This year, Dimensional is celebrating 30 years of working with financial advisors, a collaboration that has helped change the way the world thinks about investing. To recognize that impact, we have compiled 30 ways that investors can benefit from the industry’s transformation. In this second of a four-part series, we consider 10 ways that capital markets and investment approaches have realigned for the better.
—Dave Butler, Co-CEO
(See Part 1, Part 3, and Part 4)
Research shows that stocks offering higher expected returns can be identified using company size, relative price, and profitability. For bonds, information in the yield curve and credit spreads reveals higher expected returns.
Each day, the global security markets process billions of dollars in trades between buyers and sellers—and their collective wisdom helps drive securities prices toward fair value.
The rise of electronic trading networks diminishes the influence of large market exchanges, while reduced broker commissions bring lower average trading costs across markets.
Advanced technology, decimalisation, and multiple trading venues reduce implicit costs by narrowing bid-ask spreads across trades.
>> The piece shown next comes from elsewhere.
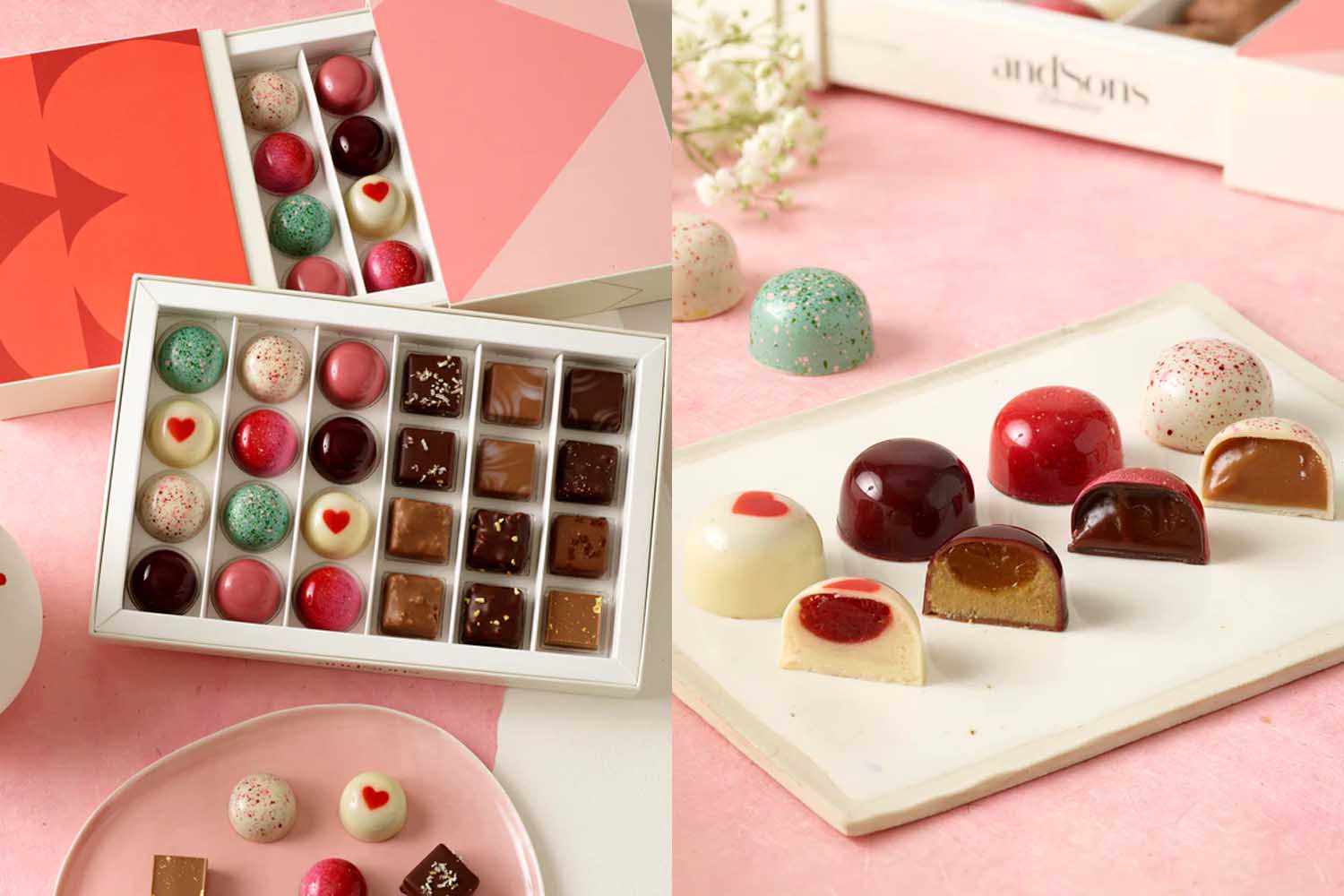 andSons Valentine’s Day Collection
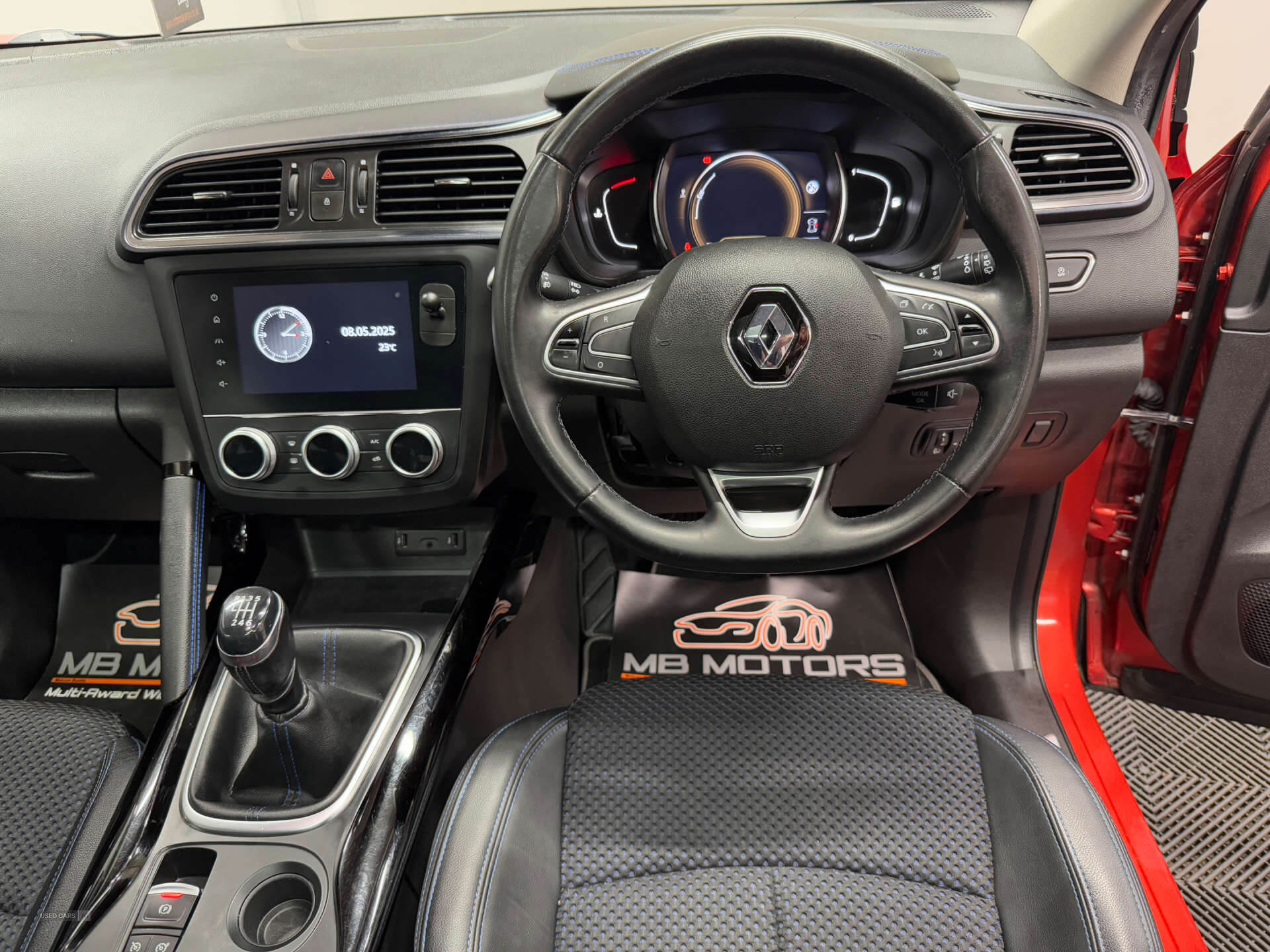 Sep 2020 Renault Kadjar 1.3 TCE 160 S Edition 5dr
Investment strategies that have more trading flexibility can further reduce these spreads.
Advisers once had limited fund choices for building global portfolios. Today, they can work with fund managers that offer diversified, value-added access to home, international, and emerging markets.
The market’s information-processing power works against high-cost fund managers, who struggle to outperform through stock picking and market timing. Investors increasingly favour lower-cost, transparent investment approaches.
The best investment managers continually work to incrementally improve returns. One value-added approach is to lend a portfolio’s securities to third parties for a fee.
The investment industry has evolved along with markets. Advisers can now apply strategies and tools that were once available only to large institutional investors.